- [Exercise requirements] Your output should be everything below from the line containing "FRANCAIS 6 eme" down to the line containing "Континентален кревет Lucus", both ends included, copied exactly, with pictures left out.

- [Material for this exercise]
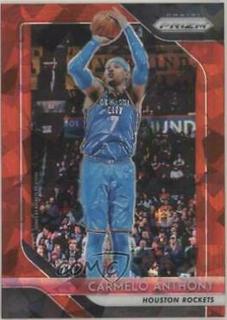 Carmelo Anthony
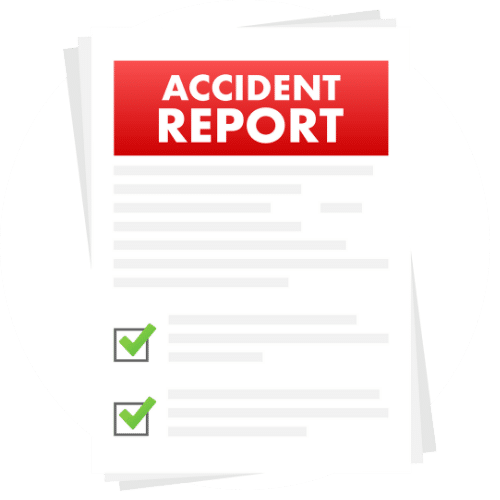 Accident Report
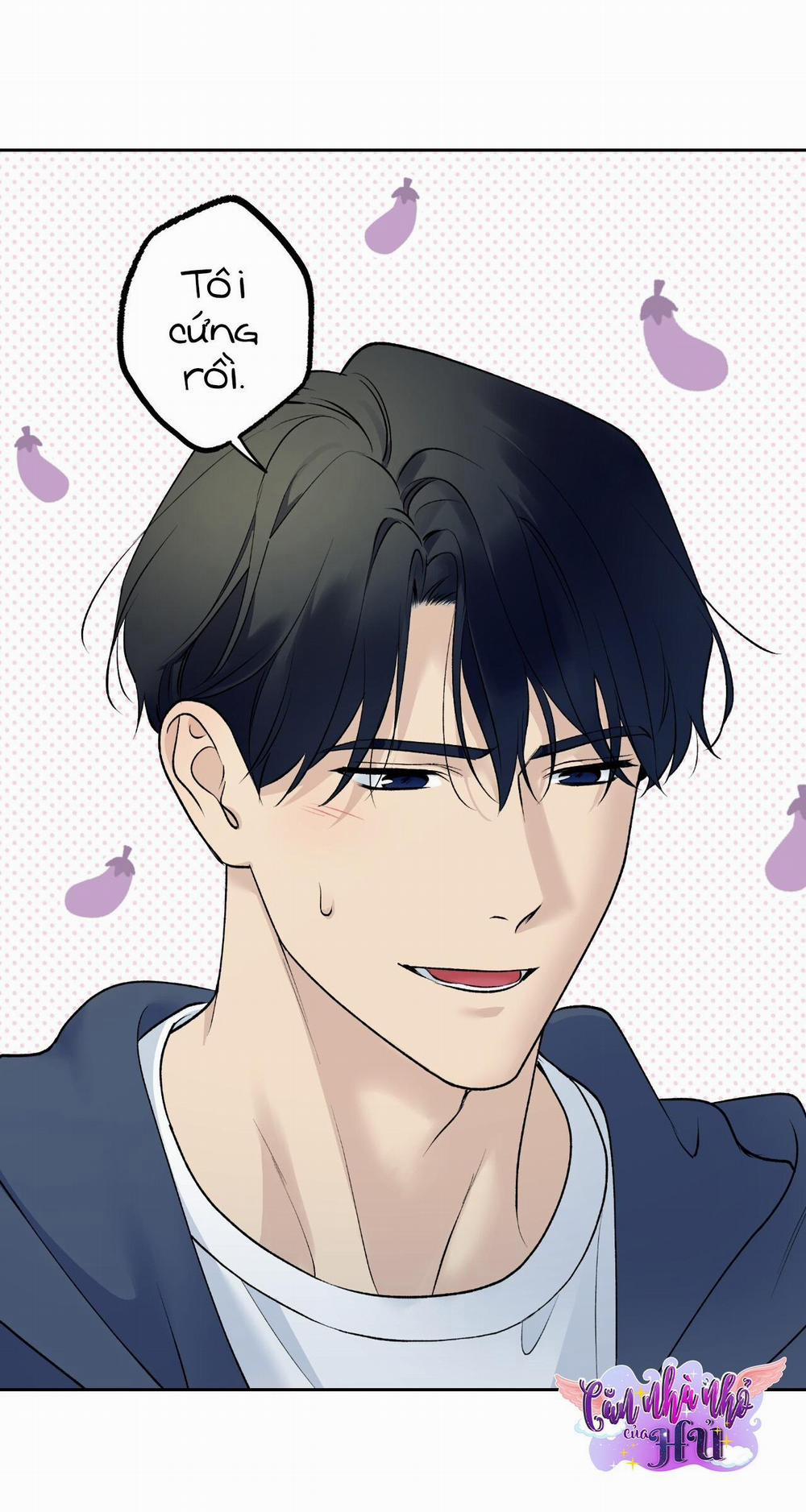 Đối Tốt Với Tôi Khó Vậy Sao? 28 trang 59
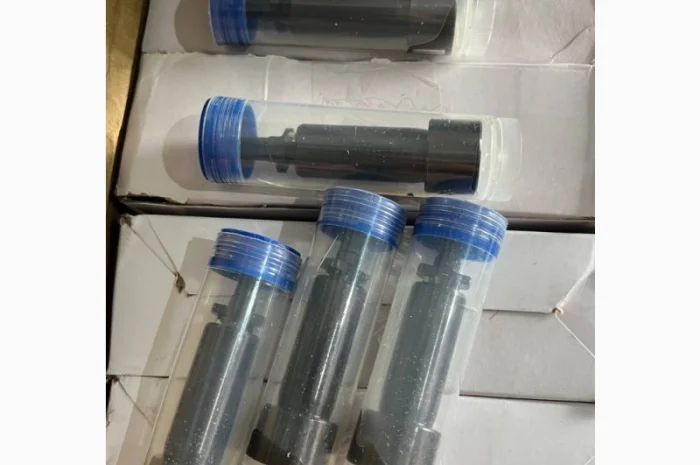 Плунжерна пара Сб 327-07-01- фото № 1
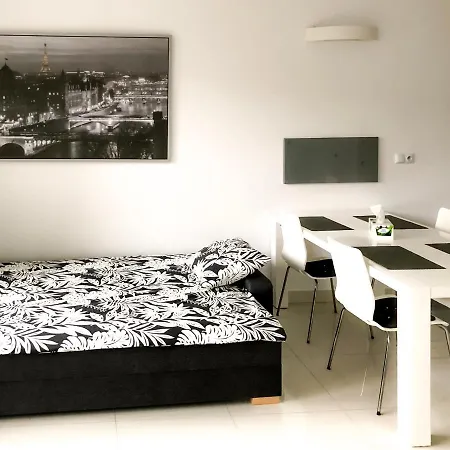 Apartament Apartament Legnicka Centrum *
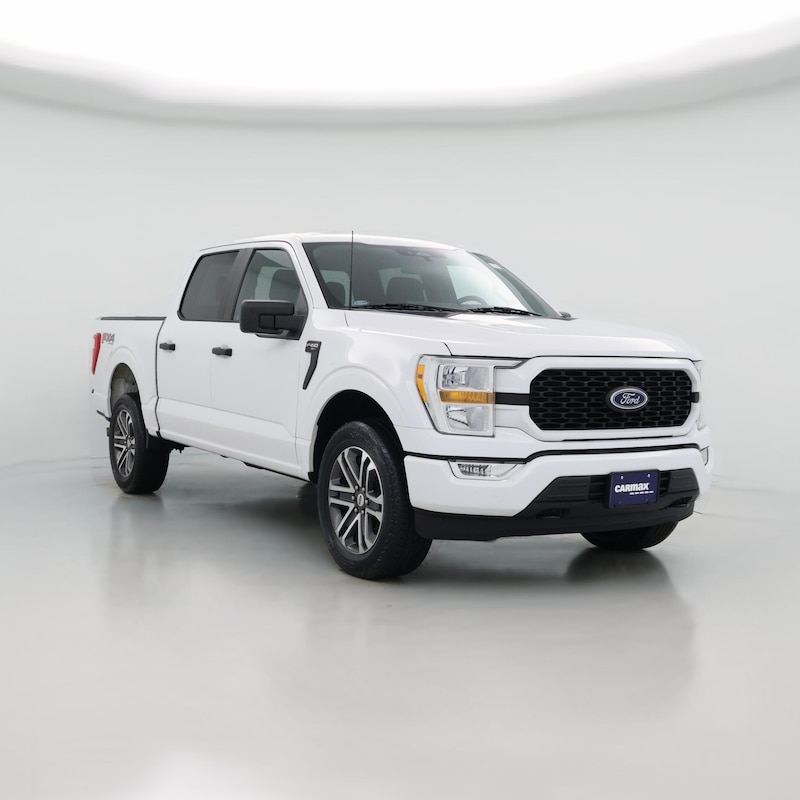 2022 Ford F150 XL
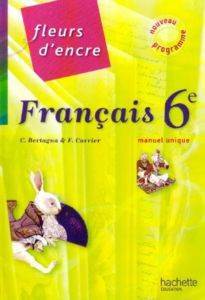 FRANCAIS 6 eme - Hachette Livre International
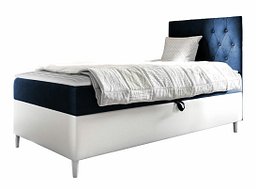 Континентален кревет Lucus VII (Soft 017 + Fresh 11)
* * *
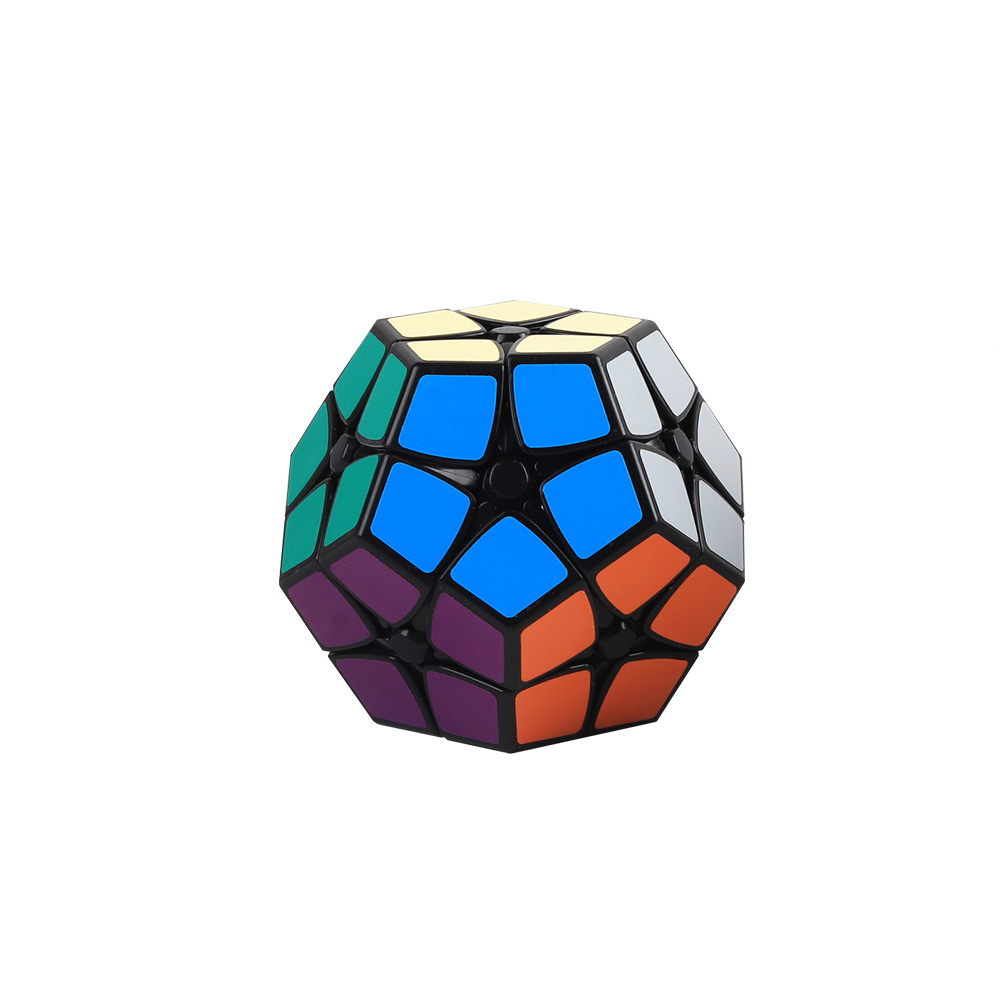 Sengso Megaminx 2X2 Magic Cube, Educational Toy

- [Response]
 FRANCAIS 6 eme - Hachette Livre International
 Континентален кревет Lucus VII (Soft 017 + Fresh 11)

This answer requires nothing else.